2. Plan presentation for class
    1. Background on your ethical topic, including a debate on the various dimensions/sides of it. 
        a. What is a quick overview of this issue? 
            We wanted to establish a link between educational outcomes and relative funding and poverty levels to help inform policy making individuals about the best ways to support education.
        b. Why should we be addressing this issue?  (Why is it important?) 
            This is important because we are invested in ensuring a quality education for all students, regardless of their income levels.
        c. What are the ethical concerns? 
            The conern is that, as a society, our education system is biased and provides much better service for individuals of means when compared to folks living in poverty.
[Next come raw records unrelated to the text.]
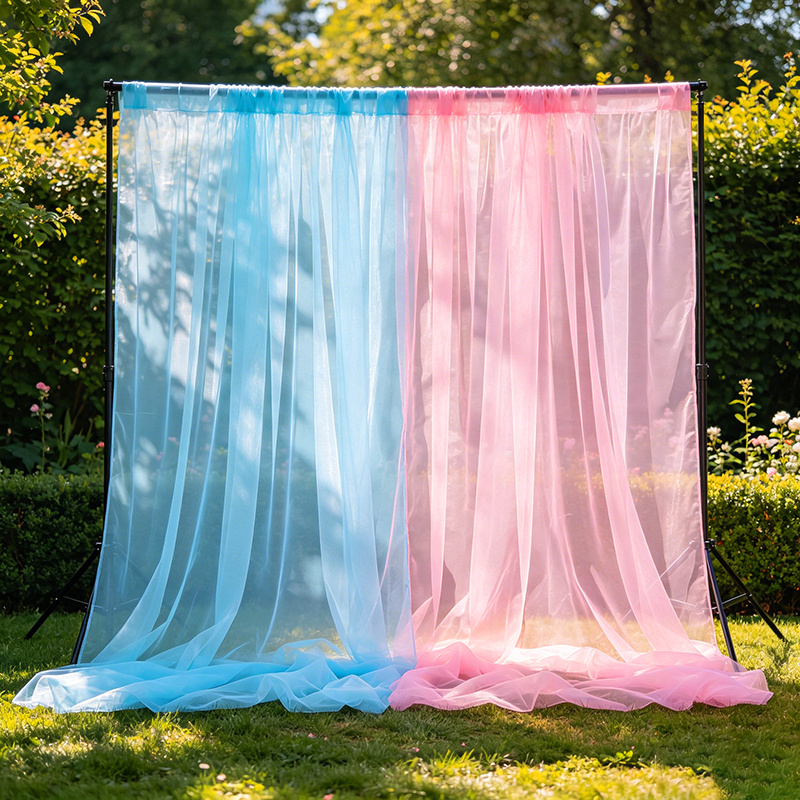 TEMU Hochwertiges, zweifarbiges Dekorations-Gardinen-Set in Pink und Blau, ein Set aus 2 Stück wie Standard, präzise Größe 63.7In*124.21In, verwendet
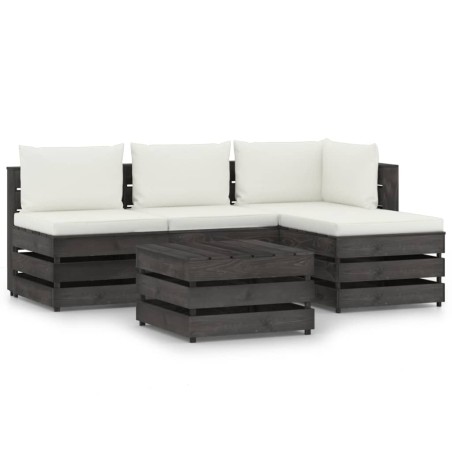 vidaXL Muebles de jardín 4 piezas con cojines madera impregnada gris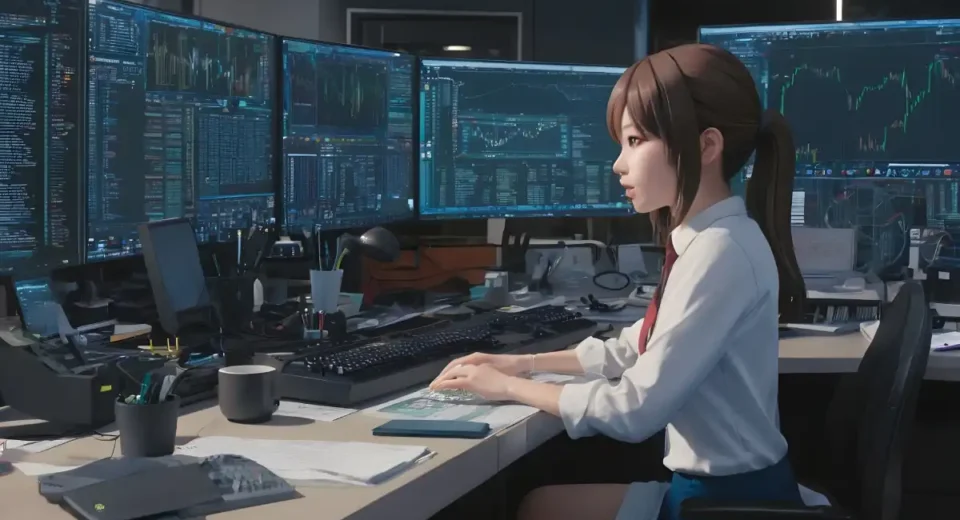 Seorang trader pemula sedang belajar panduan memulai trading forex melalui grafik di layar monitor.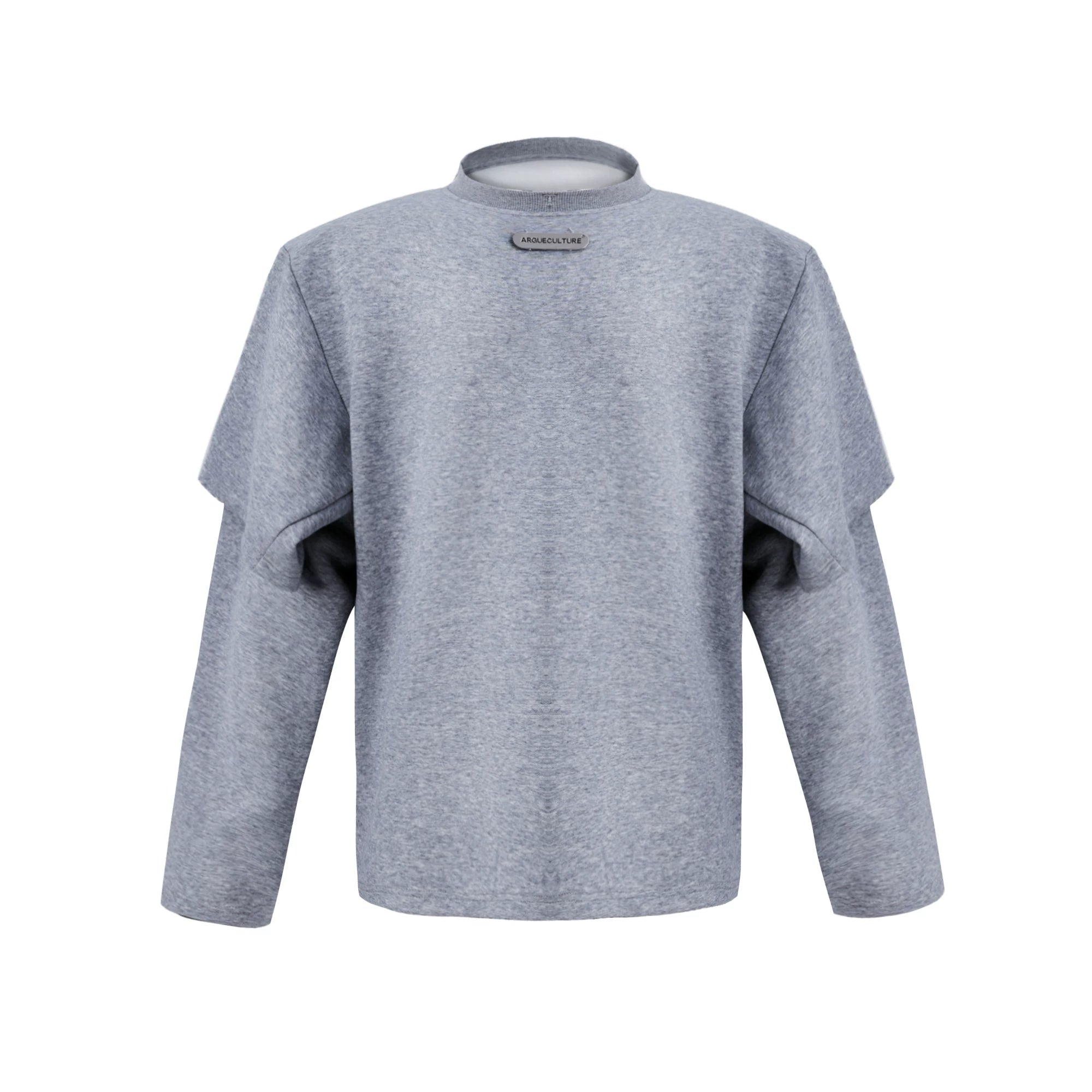 Deconstructed Two-Layer Crewneck Sweatshirt | ARGUE - Gray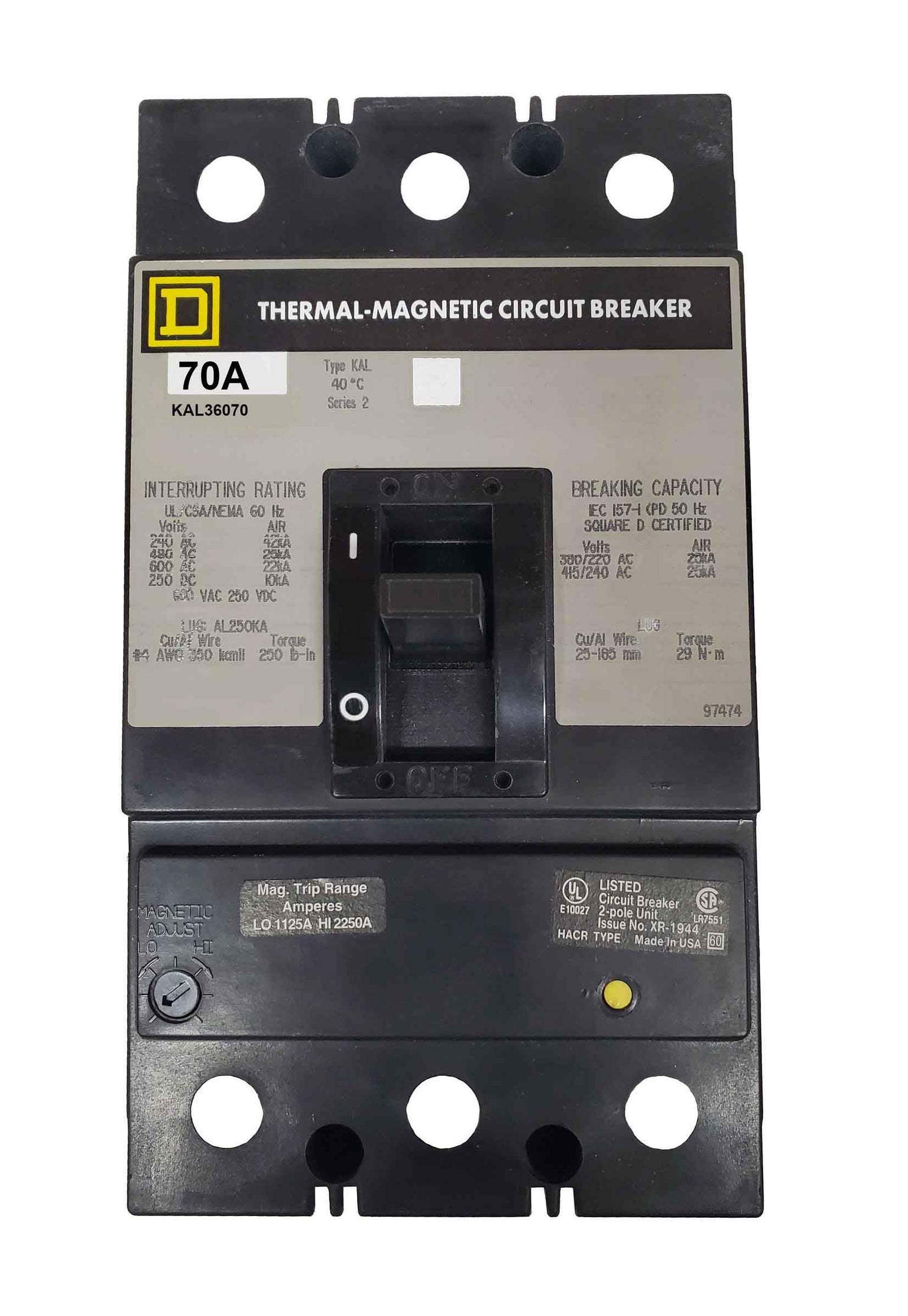 KAL36070 - Square D - Molded Case
Circuit Breakers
        d. What are the ethical justifications for both sides? 
            While one side claims that all children have an equal right to education, the other side affirms their right to provide the best education possible to them, using whatever means they have at their disposal.
        e. What are the possible solutions? 
            While there are no easy answers to this debate, the truth is that funding does not automatically lead to better results. Instead, the decisions made within school districts about how to spend the money may be more informative. 
    2. References that informed your debate. 
        We took information from the NAEP (the Nation's Report Card) and from the US Census Bureau to help us make our case.
    3. Introduction of your software solution. 
        a. How does your software solution relate to the ethical topic? 
            This software makes it easy for a user to look at the disparities in funding and educational outcomes in our nation at a variety of levels. It invites thought and discussion about how to best fund our schools, and encourages policy makers to think outside of the box when creating solutions.
        b. A demonstration of how the software can be used to weigh in on aspects of the ethical topic; perhaps reinforcing the debate in #1. 

    4. Design of your software. 
        a. A deeper dive into interesting aspects of the code, the dataset, or the development process that would be educational to others learning about coding in Python, coding with data, or coding for ethics. 
            Plotly has a bunch of cool stuff. You can also see how we had to manipulate the data to make merge the two sets.
        b. Show us the most complex portions of your code and explain the implementation. 
            See visualization #3, function update_poverty()